Donal O’Donoghue talks to Bill Cullen ahead of the new season of the reality TV show, The Apprentice
“Are these the best young business brains in the country?” says Bill Cullen. “Well they are the best of the lot that applied and sent in their CVs.”
The Apprentice, the bloodiest reality TV show in the land, returns this Monday to TV3 for a fourth season. Bill Cullen, aided and abetted by his firing squad (Jackie Lavin and Brian Purcell), will separate the spoofers from the doers over the twelve weeks. “You’re fired!” will once again become the catchword of water coolers every Tuesday morning. And it was all launched this afternoon in Dublin city centre with a special screening of episode one. We are sworn to secrecy on that – I don’t want Bill Cullen on my tail! – but the three judges did let slip a few details.

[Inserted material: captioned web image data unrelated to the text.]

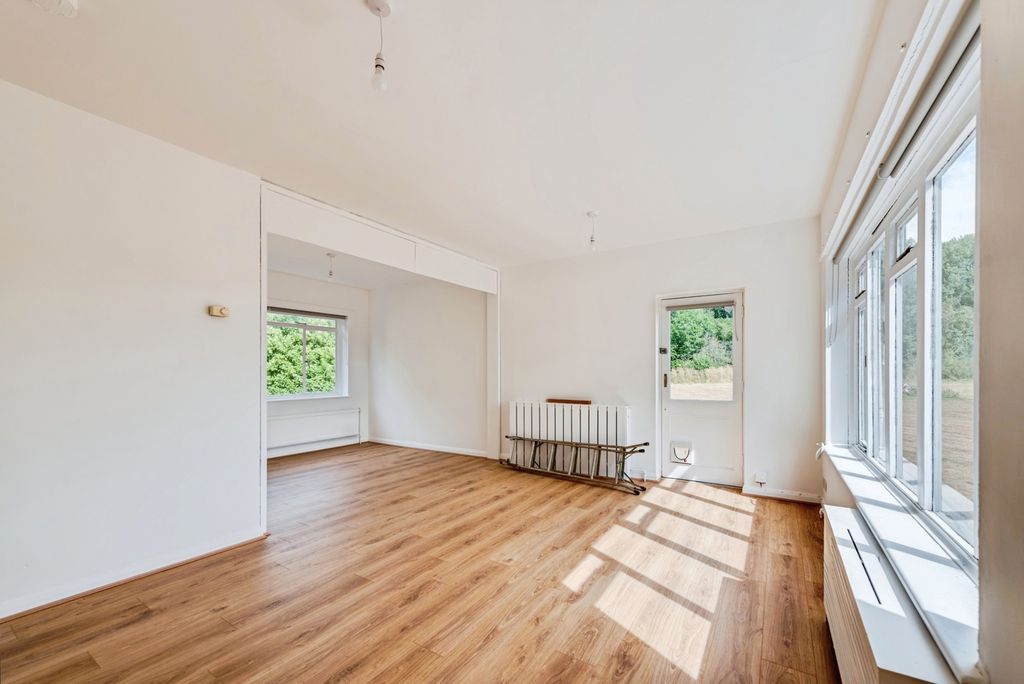 Property photo 3 of 16 Reception Room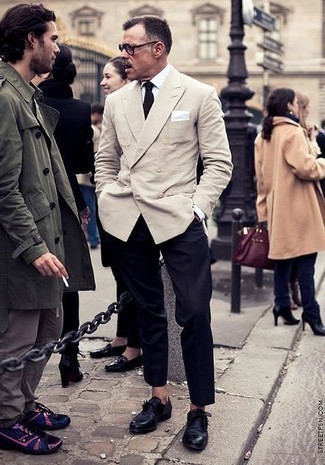 Come indossare e abbinare una giacca beige per un uomo di 40 anni: Punta su una giacca beige e pantaloni eleganti blu scuro come un vero gentiluomo. Scarpe monk in pelle nere sono una valida scelta per completare il look.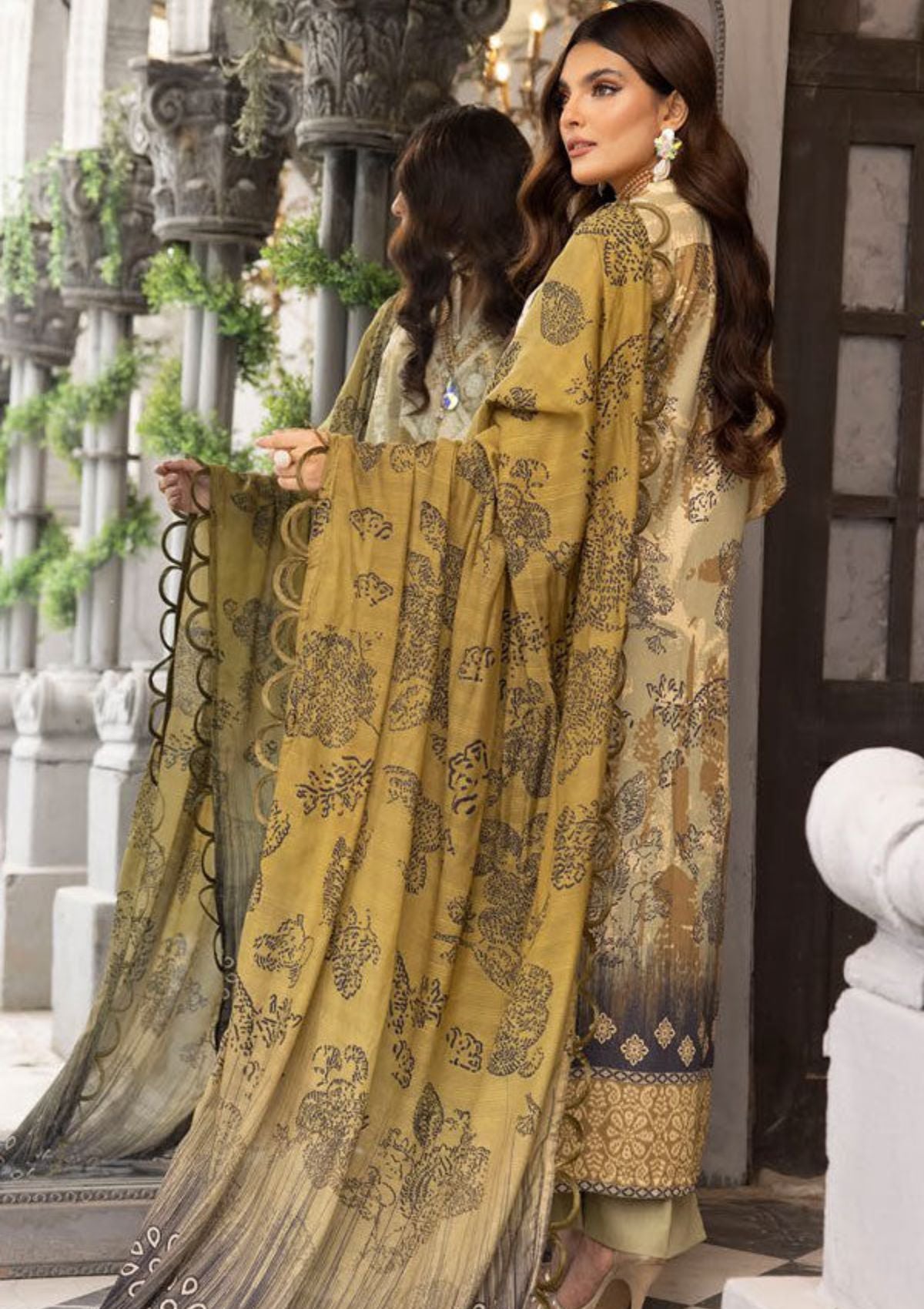 Shaista Maira Emb Karandi'23 D-187 - Mohsin Saeed Fabrics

“There’s a twist this year,” says the kingmaker Cullen. And the twist is this: the winner becomes Cullen’s business partner (with a 50 per cent interest). They also get to pocket €100,000 along with a start-up package worth €100,000. Otherwise the story is the same: sixteen ambitious business people are set a number of tasks – beginning with making a sandwich! - in the hope of making it to the top of the tree in 12 TV weeks. Along the way there’s cross-dressing, sky-diving and lots of finger-pointing. “It’s all about passion,” says Cullen, looking like he might just explode at any moment because he has so much passion.
Again sixteen contenders revel in bitching, back-stabbing and blubbering. There are smart cookies, double-crossers and a few tulips. “Oh yes, there are a few tulips again this time, the pressure is intense and we have a walk-out,” says Cullen’s right-hand man, Brian Purcell. “The tasks are edgier, more complicated and ultimately more difficult.” It is also a show featuring the youngest-ever apprentice and the heat is on from the opening episode. “They are trying to second-guess Bill this year and that just freaks him out,” says Purcell. “They reckon they know what we’re thinking based on shows they have seen and so they try to tick the boxes to keep Jackie and myself happy.”

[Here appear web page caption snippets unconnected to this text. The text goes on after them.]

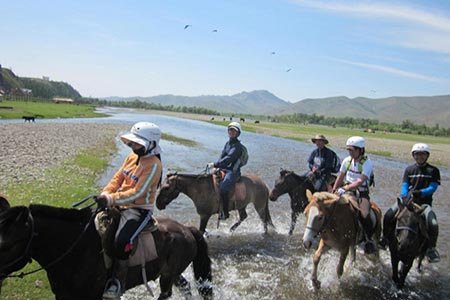 たくさんの馬から、スタッフがひとりひとりにあう馬をお選びします。馬は相棒！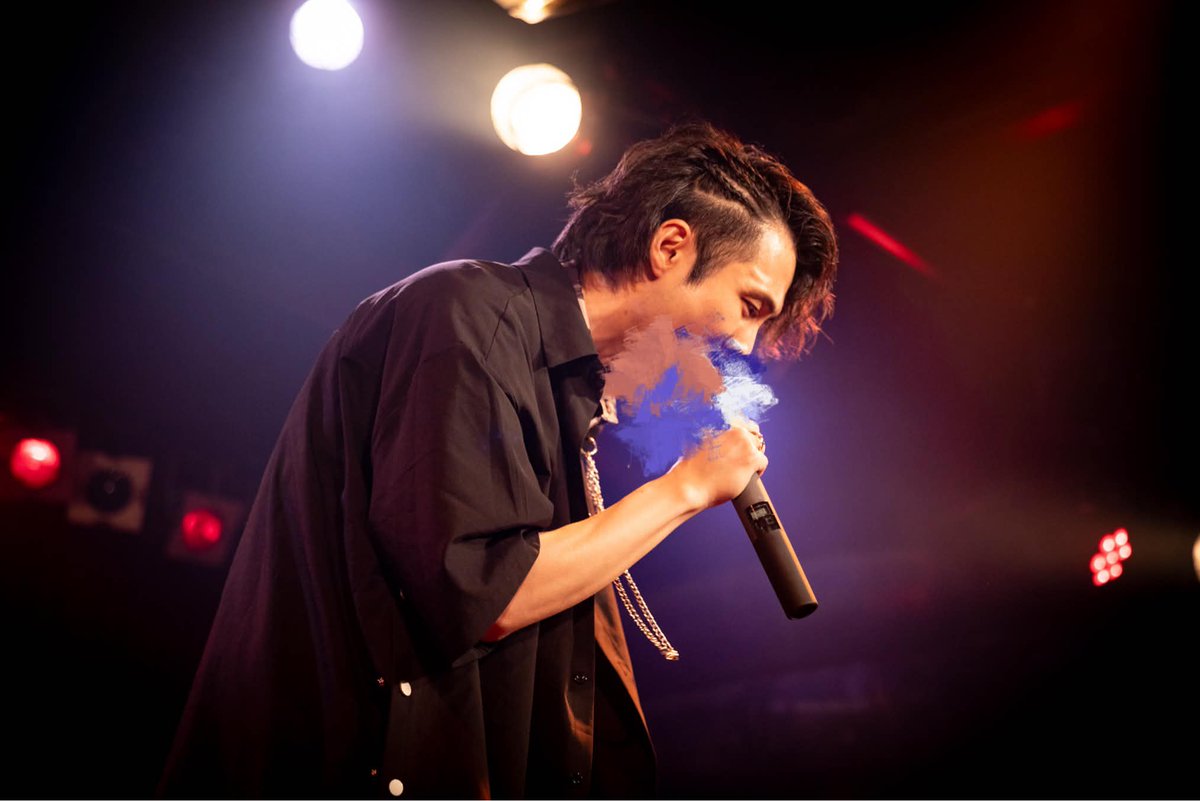 beniuta's tweet photo. 2026.5.4 『The Reborn Once』
in 渋谷star lounge

夢のような時間をありがとう。
みんな、心から愛してる。

撮影：けんじゅ様 @photo_ken521 
#TheRebornOnce https://t.co/lc8oNe9EZY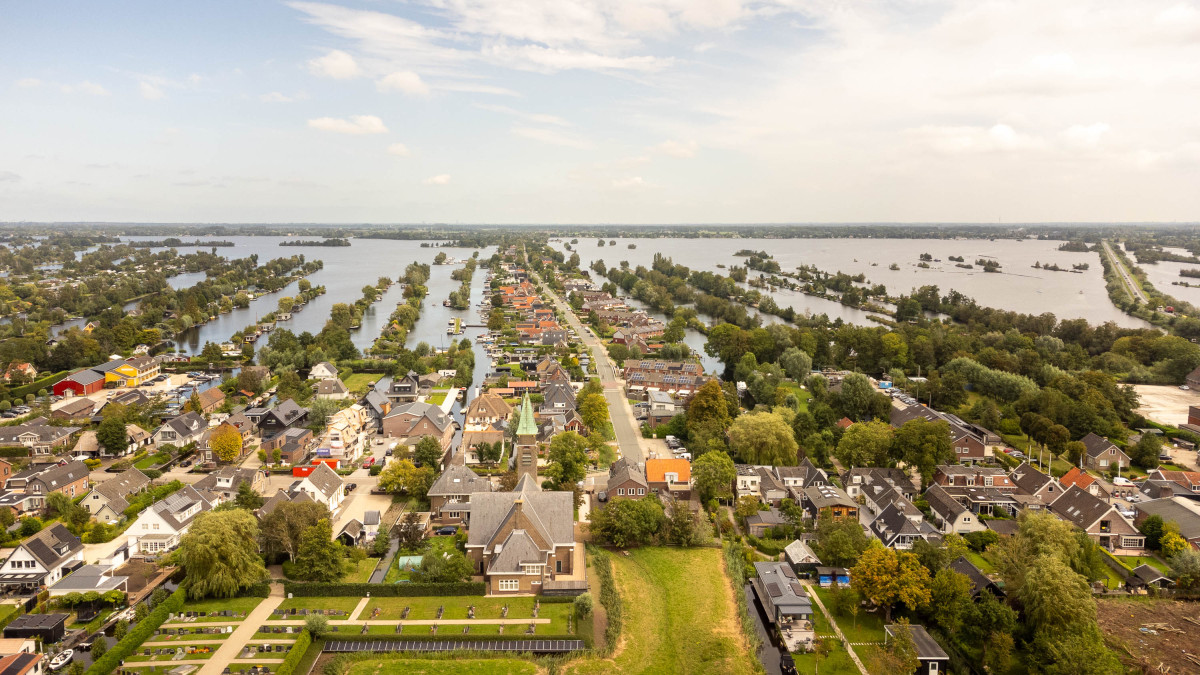 dronebeeld ronde venen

But Bill is far from happy. He shakes his head and waves his hands. It seems some of the wannabe business moguls believed they had worked out how to win. “Not only have these guys seen the previous shows but they have recorded them and gone over them in detail,” he says, as if they could. “They have seen three series so they know what to say when I ask: ‘tell me why I shouldn’t bleeding fire you?’ So they give me all the stuff about passion and being a warrior and being the best and all that. So they try and get me on the back foot so I have to say, ‘Come here you! There’s what you did, so why shouldn’t I call you a gobshite for what you have done. But it is much harder and they are fighting for something totally different. It’s not just a job. It’s their future, their dreams.”
But some are never going to make those dreams because they went about it all the wrong way. At least that’s the word according to BC. “They were out to win individually rather than getting the team over the line,” he says, shaking his head sadly. “Maybe they lost out by trying to get themselves in.”
Already one of the contestants has caught his eye: “a fascinating character” says tight-lipped Bill.